Potremmo chiudere queste breve excursus con l’ultimo appello di centinaia di personalità sui rischi dell’Intelligenza Artificiale sino a citare l’orizzonte dell’estinzione dell’umanità, tanto per rendere l’idea del crinale su cui si trova il processo di trasformazione dell’economia mondo, di cui peraltro stiamo ragionando da tempo.
Il pensiero è andato al 2011 riflettendo sugli esiti delle elezioni spagnole e su cosa resta dell’eredità politica dei movimenti di allora, ma lo stesso vale per la tornata di elezioni locali in Italia, pochi mesi dopo quelle nazionali e volendo anche per quelle turche, dove possiamo prendere in esame la traiettoria del presidente rieletto Erdogan da quando era sindaco di Istanbul.
Una riflessione che viene sollecitata dagli eventi, che è assolutamente necessaria, mentre si parla di una svolta a destra nell’intero contesto europeo.

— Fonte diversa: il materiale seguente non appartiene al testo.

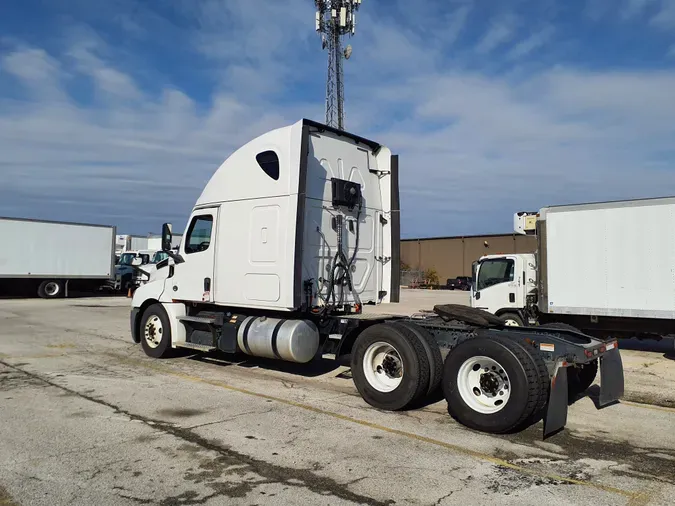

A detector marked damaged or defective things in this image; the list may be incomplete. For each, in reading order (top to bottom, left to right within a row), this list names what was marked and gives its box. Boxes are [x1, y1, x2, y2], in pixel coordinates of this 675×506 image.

pavement crack [2, 360, 396, 506]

L’Europa pare circondata da aree di crisi, i processi democratici paiono sovradeterminati da processi di trasformazione globale rispetto ai quali le attuali forme di governo della società sono sempre nella migliore delle ipotesi sempre in ritardo nei loro interventi quando non del tutto impotenti. I conflitti sociali, le forme di partecipazione appaiono non all’altezza quando si esplicitano, mentre sono solitamente sotto traccia nel loro agire locale o parziale non che non esistano forme di critica e conflitto, ma non costituiscono una rete connessa tale produrre poli di attrazione forte a livello politico, sociale e culturale.
Non c’è allora da stupirsi che una parte importante dei cittadini si astenga a livello elettorale ed un’altra parte si ponga passivamente, sotto l’offerta di protezione della destra per i propri interessi particolari, rinunciando ad ogni pretesa di affermazione dei valori di eguaglianza, facendosi sedurre dalle sirene che minacciano catastrofi imminenti del tutto estranee e a quelle realmente incombenti.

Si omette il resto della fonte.